Die mobile Denkfabrik  –  0 Kommentare

Wir haben in den letzten Wochen diverse Anwendungsfälle von Smart TVs kennengelernt. Sie haben ein gemeinsames Problem: die Eingabe von Texten artet in nervtötende Arbeit aus. Google prescht nun mit einem interessanten Ansatz vor.

YouTube hat sich im Laufe der Jahre als "MP3-Player-Ersatz" etabliert: Das Streamen eines Konzerts samt Visuals ist nun mal witziger als das Abspielen einer normalen MP3-Datei. Smart TVs sind seit einiger Zeit zur Wiedergabe derartiger Filme befähigt.

Neuere Clients zeigen ein sehr ungünstig gestaltetes Suchfenster an. Die Eingabe der Zeichen erfolgt durch vertikales Scrollen: wer von A zu Z wechseln möchte, muss 26 Mal auf den Nach-Links-Button drücken. Die Eingabe eines Videotitels artet rasch in Arbeit aus.

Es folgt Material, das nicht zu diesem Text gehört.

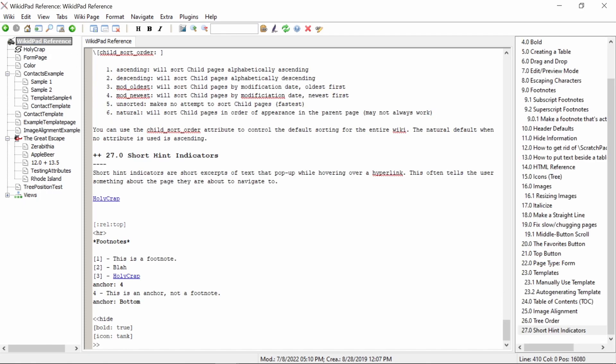Now that we've added our short hint, when we hover our mouse over the holy crap hyperlink, we will see the short hint text that we entered. This works both in editor mode and in preview mode.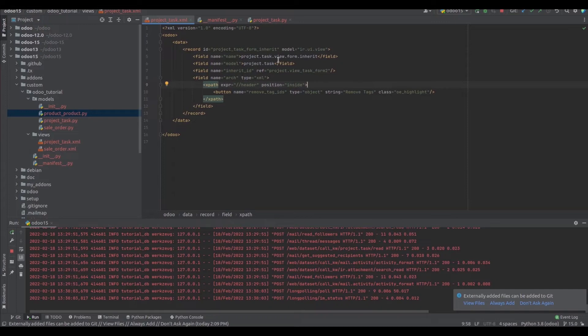Now let's check the code for this. In the XML file, I have inherited the project.task form view, and inside the header I have placed a button 'Remove Tag IDs' of type object.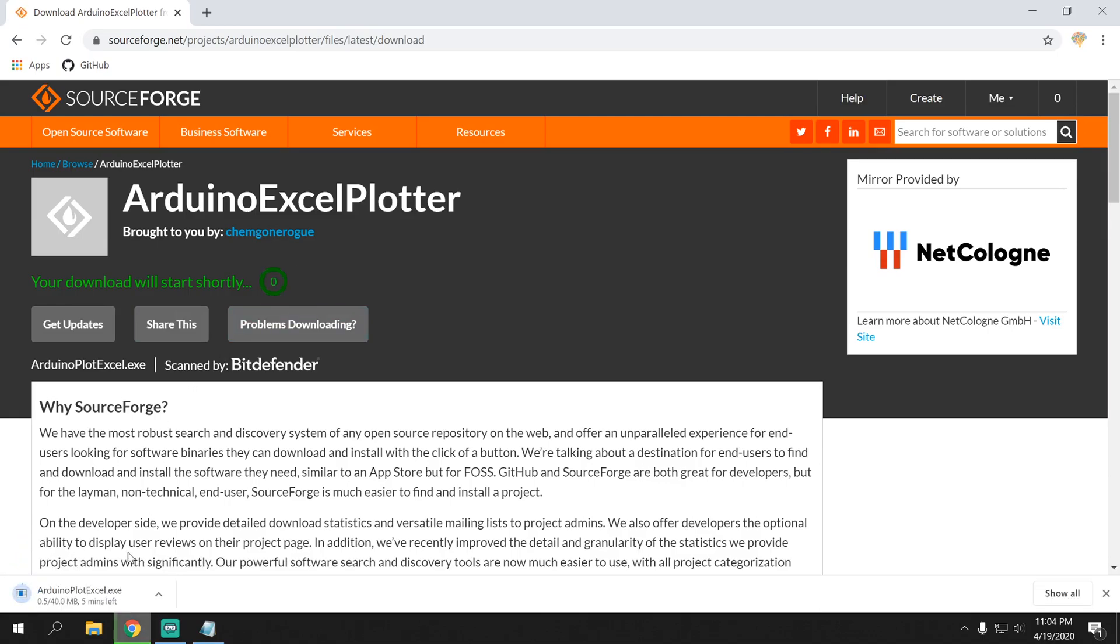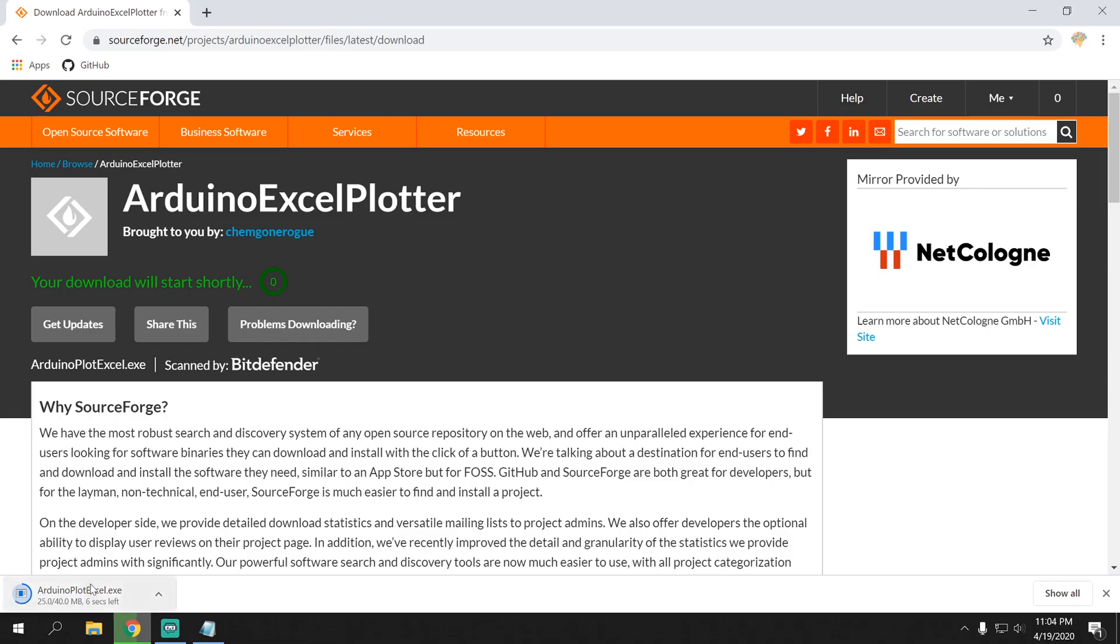Since this is gonna take a while with my internet connection, I'm gonna fast forward. Maybe not. I'll just wait for it to download. As you can see, it's downloaded.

Diese Suchmaske ist ein Antipattern erster Klasse (Bild: (c) abc texte / Dr. Doris Maria KOHRS)

Wer den weiter unten eingeblendeten Link eingibt, kann sein Android-Smartphone mit dem Fernsehgerät paaren. Ab diesem Zeitpunkt kann er den wiederzugebenden Inhalt über die am am Smartphone laufende YouTube-Applikation aussuchen. Die Übertragung zum Fernsehgerät erfolgt über einen Servers im Hause Google – die beiden Geräte müssen nicht im selben Netzwerk sitzen.

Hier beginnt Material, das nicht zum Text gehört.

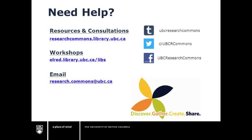researchcommons.library.ubc.ca. Feel free to also email us for support, or to set up a one-on-one appointment at research.commons@ubc.ca. Thanks for watching!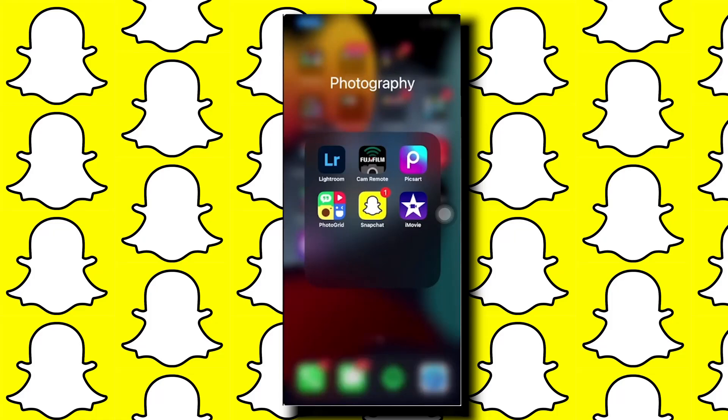Hey, what's going on guys? In this video I'm going to show you how to change the streak emoji on Snapchat for iPhone. This is going to be quick and easy, so let's jump right in.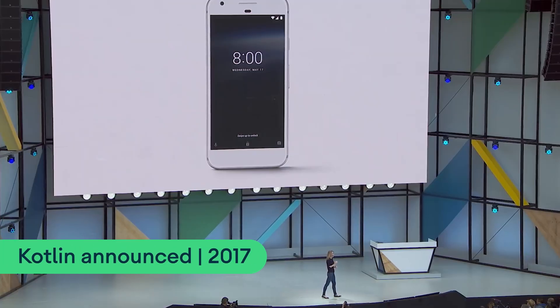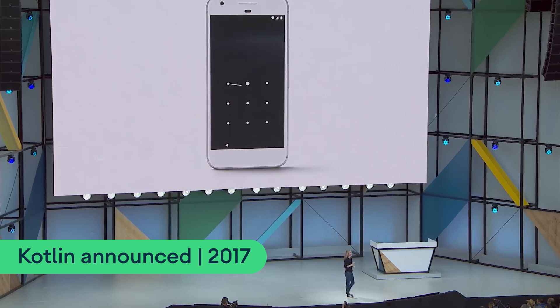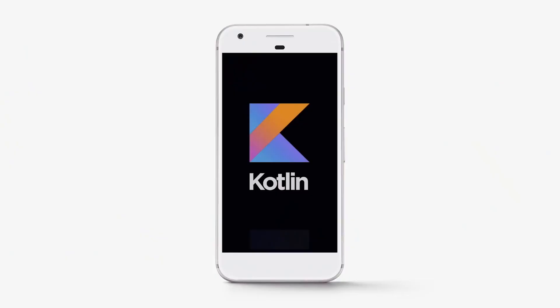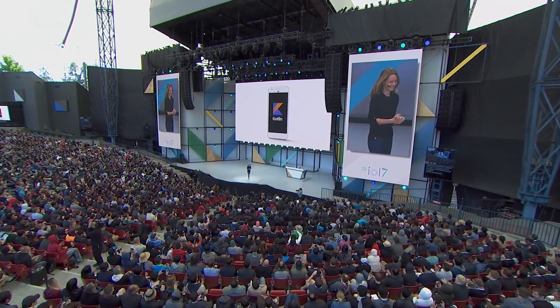We have never added a new programming language to Android, and today we're making Kotlin an officially supported language in Android. We had started using Kotlin in our own code base, and we really, really liked it. And so we thought, probably developers will want the same thing. So we decided to do it. It was a big thing to take on because it doubles the number of features we have to support, but we proceeded. And to this day, developers report much higher satisfaction, so it was definitely the right call.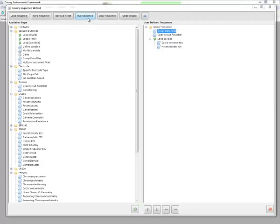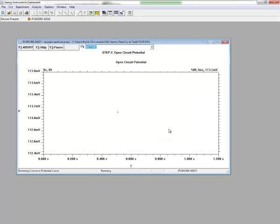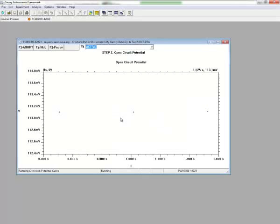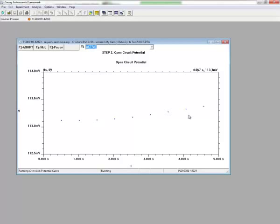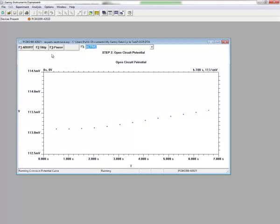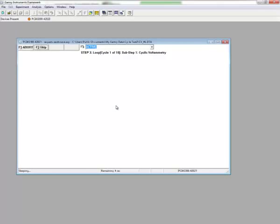And so now when I click Run Sequence, we're going to run the series of steps that are outlined. And we can see that the software has automatically selected the first available potentiostat. We click OK, and the experiment starts running. So first it was going to run the open circuit. And just to move things along, I'm going to click Skip so that we can move into the loop itself.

Dies ist aus Sicht von YouTubes Eigentümer mehr als hilfreich: dank der Paarung kann das Unternehmen das "YouTube-Fernsehverhalten" von Nutzern verfolgen, die sich normalerweise nie einloggen würde. Dass der vom Suchmaschinenanbieter angebotene Suchdialog unkomfortabel gestaltet ist, ist diesem Ziel nicht abträglich: Desto besser die am Fernseher befindliche App funktioniert, desto weniger ist der User zum Anmelden seines Smartphones motiviert.